> [Your goal] If an entry holds a picture, drop the picture and restate the rest word for word.

*** Information provided ***

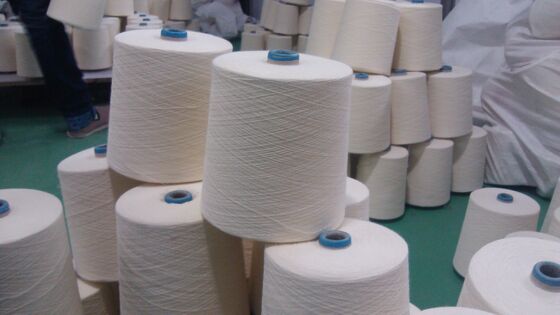 غزل أبيض اللون Lenzing Viscose غزل 1.5kgs لكل مخروط خيارات ألوان غزل مخصصة مصممة لاحتياجات تصنيع المنسوجات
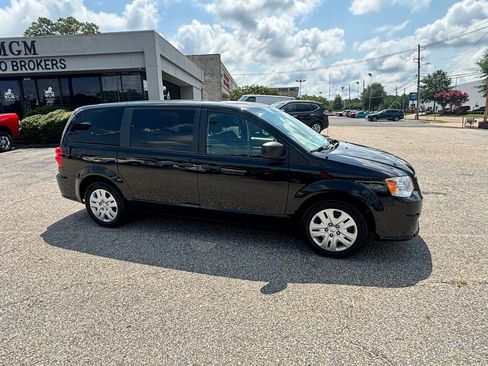 Used 2019 Dodge Grand Caravan SE FWD image 35
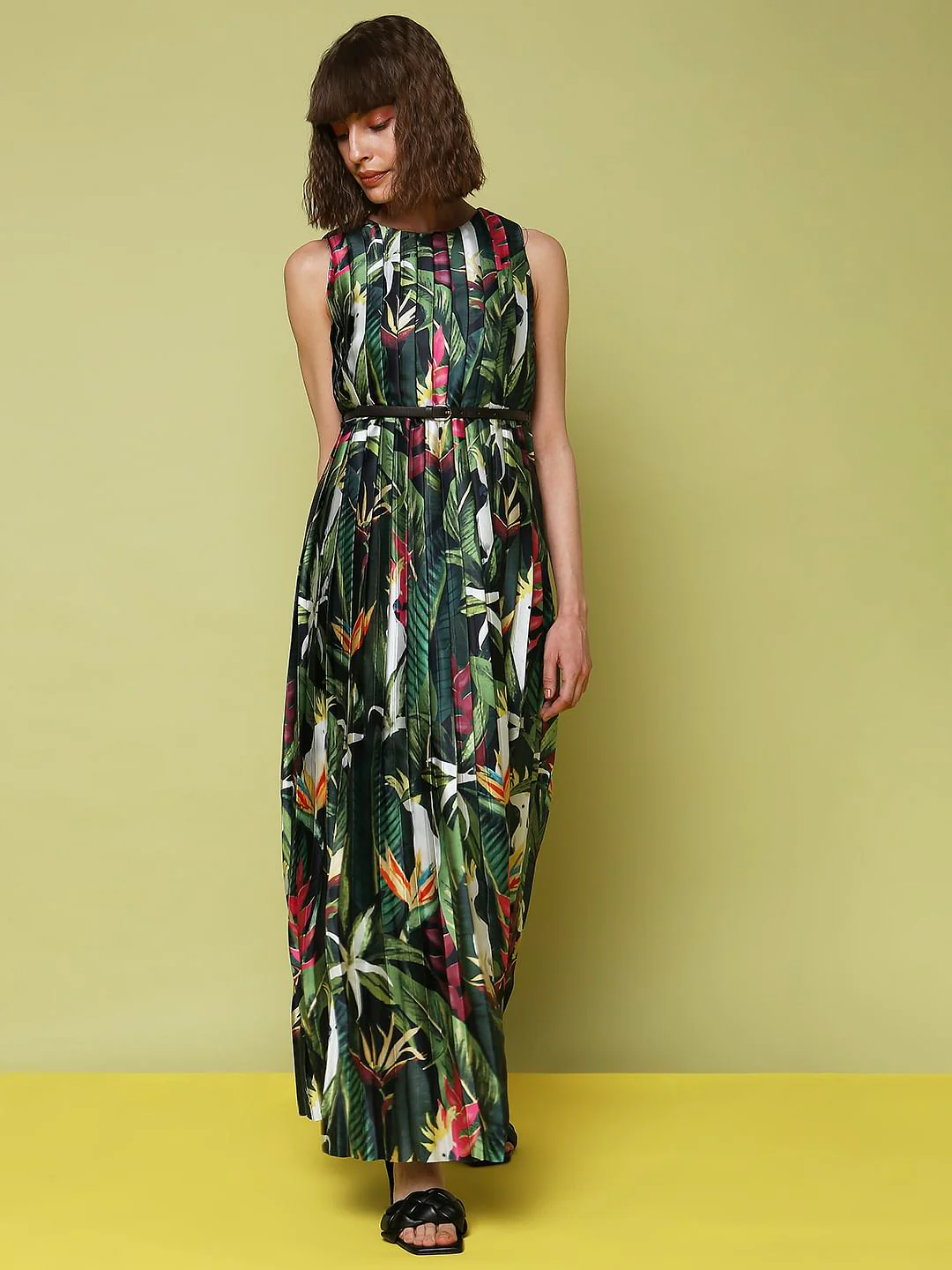 Marquee Green Tropical Print Maxi Dress - Image 2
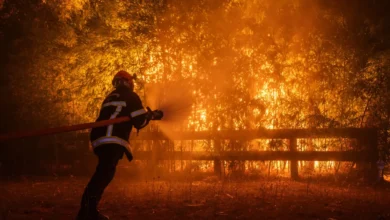 Bombeiros enfrentam ‘nuvens de fogo’ em incêndios históricos na França e na Espanha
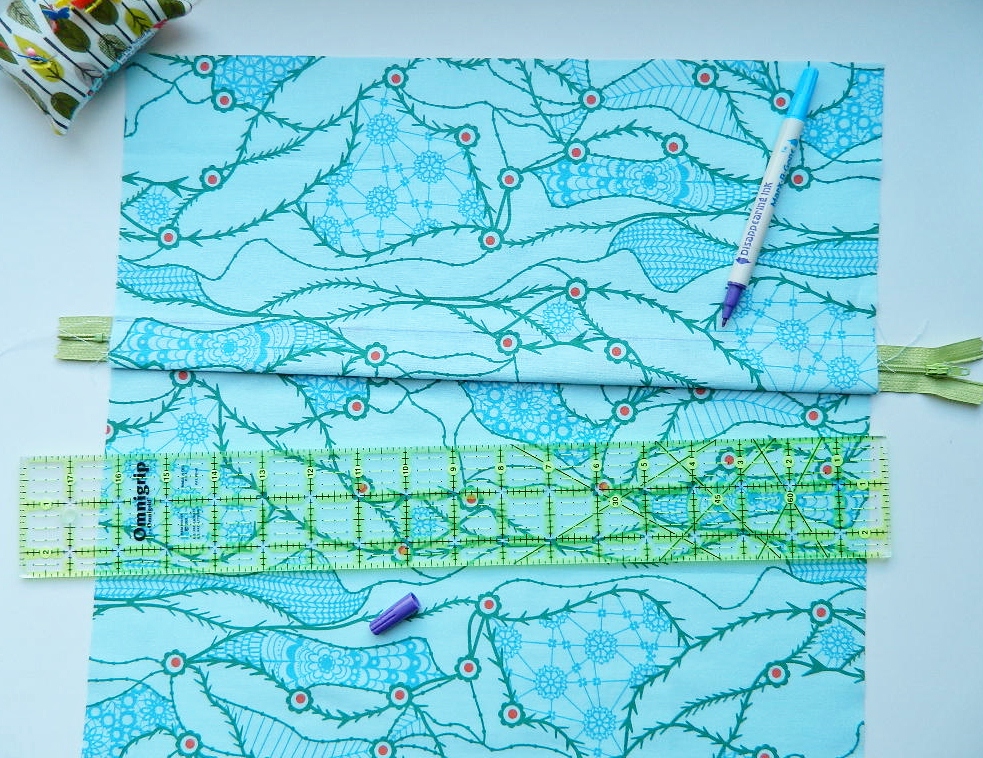 installing zipper closure in a pillow cover {tutorial}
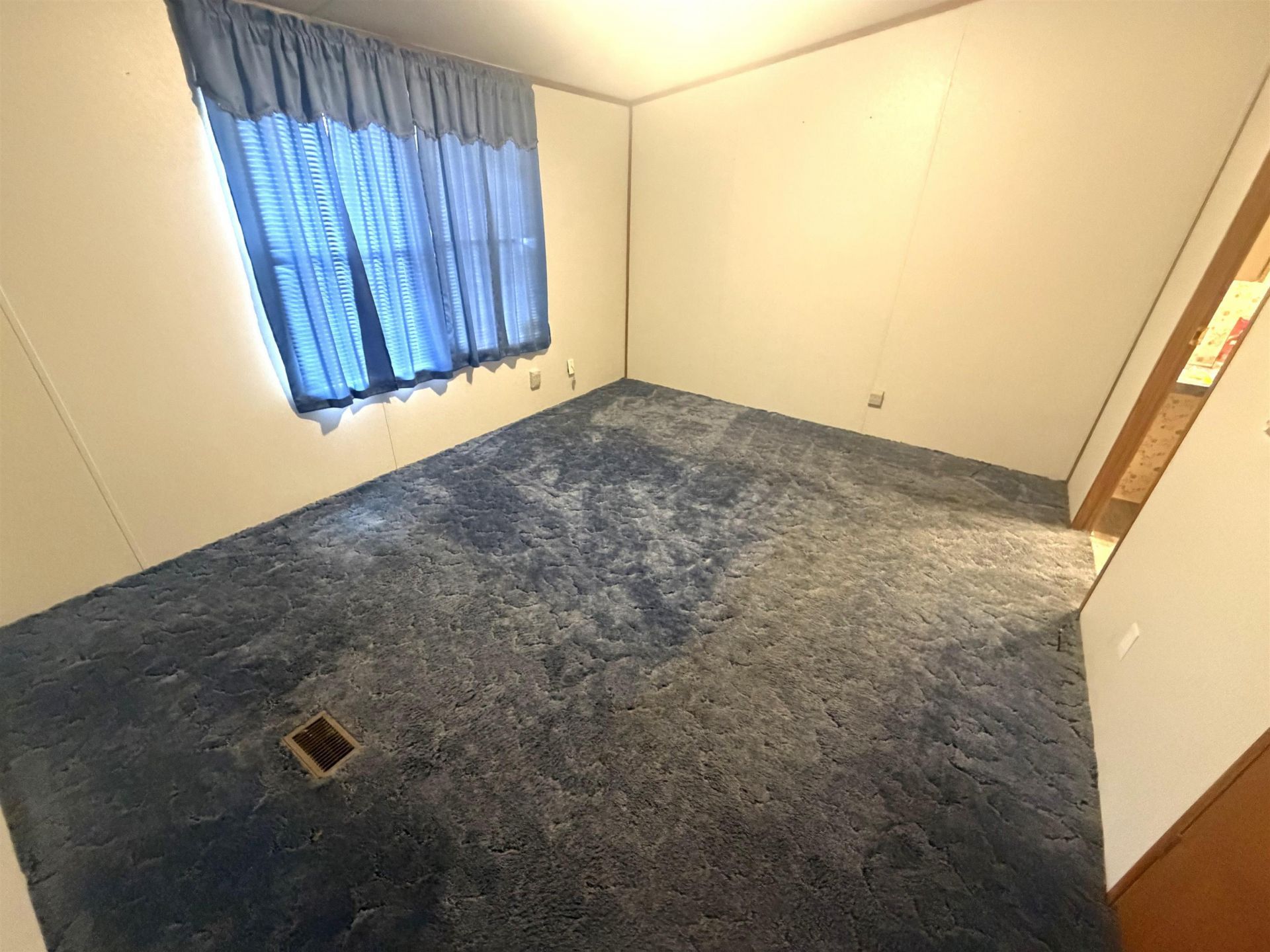 2109 N Church St.  Photo 17
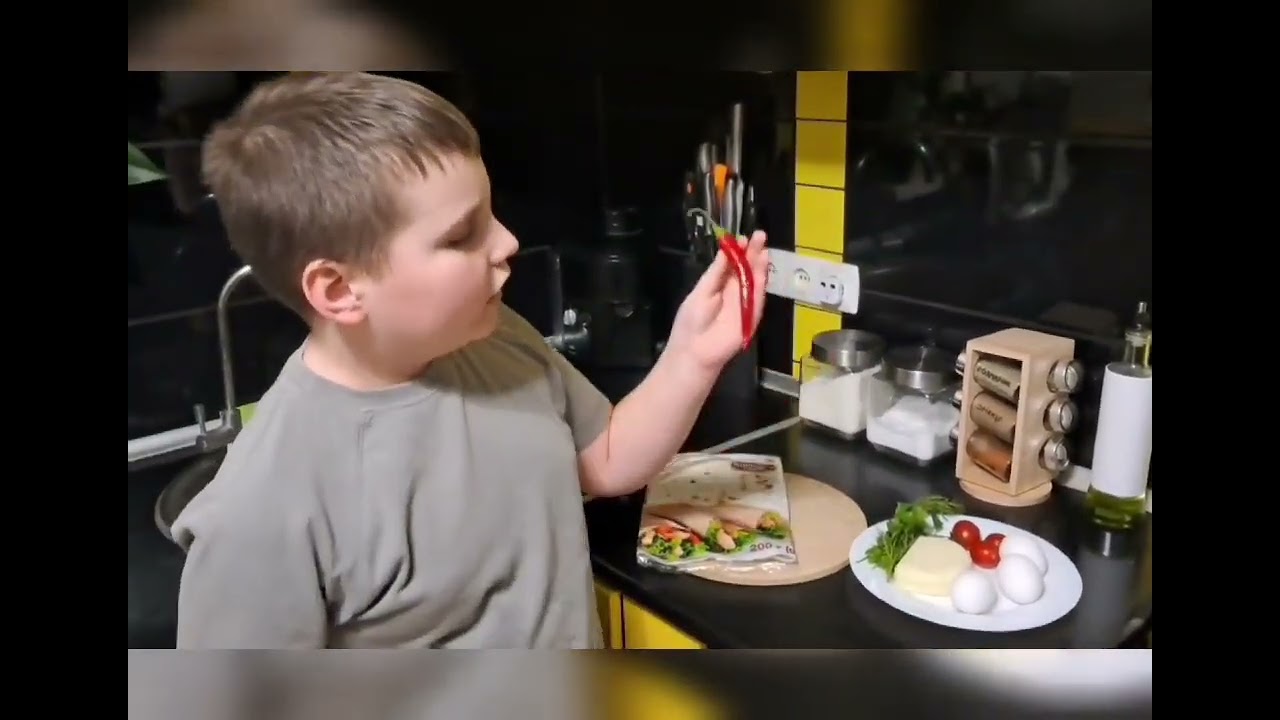 «ВідеоЧелендж: Здорова їжа в моїй родині». Піддубний Денис, учень 3 класу.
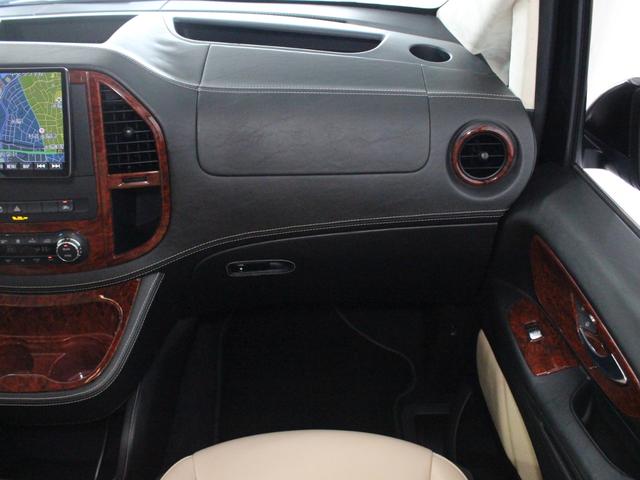 Ｖクラス 　新車並行／左ハンドル／ベージュ革シート／２ｎｄキャプテンシート／サードシート電動ベッド／ウッド調インテリア／アルカンターラルーフ／２０インチホイール／クルーズコントロール／社外ナビ／レーダー／ドラレコ（20枚目）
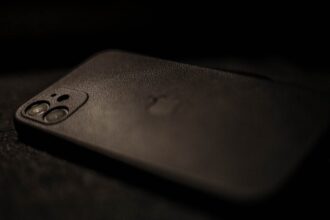 foldable iPhone futuristic smartphone - Apple折りたたみiPhone「iPhone Fold」登場間近か？ 中国テクノロジー株高騰の背景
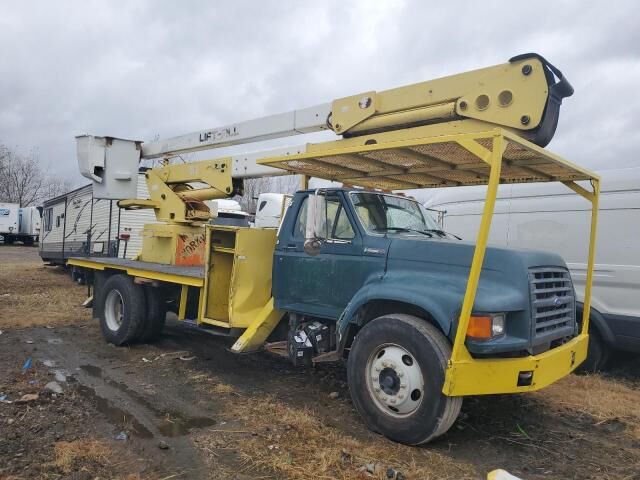 Ford F-800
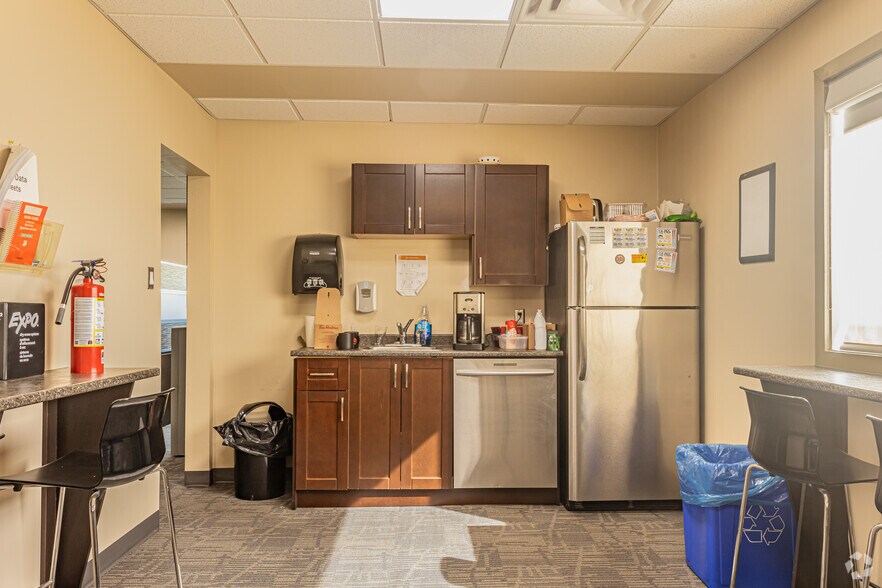 More Photos Of 15712 112 Ave, Edmonton Office For Lease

*** End of Information provided ***

> [Output]
 غزل أبيض اللون Lenzing Viscose غزل 1.5kgs لكل مخروط خيارات ألوان غزل مخصصة مصممة لاحتياجات تصنيع المنسوجات
 Used 2019 Dodge Grand Caravan SE FWD image 35
 Marquee Green Tropical Print Maxi Dress - Image 2
 Bombeiros enfrentam ‘nuvens de fogo’ em incêndios históricos na França e na Espanha
 installing zipper closure in a pillow cover {tutorial}
 2109 N Church St.  Photo 17
 «ВідеоЧелендж: Здорова їжа в моїй родині». Піддубний Денис, учень 3 класу.
 Ｖクラス 　新車並行／左ハンドル／ベージュ革シート／２ｎｄキャプテンシート／サードシート電動ベッド／ウッド調インテリア／アルカンターラルーフ／２０インチホイール／クルーズコントロール／社外ナビ／レーダー／ドラレコ（20枚目）
 foldable iPhone futuristic smartphone - Apple折りたたみiPhone「iPhone Fold」登場間近か？ 中国テクノロジー株高騰の背景
 Ford F-800
 More Photos Of 15712 112 Ave, Edmonton Office For Lease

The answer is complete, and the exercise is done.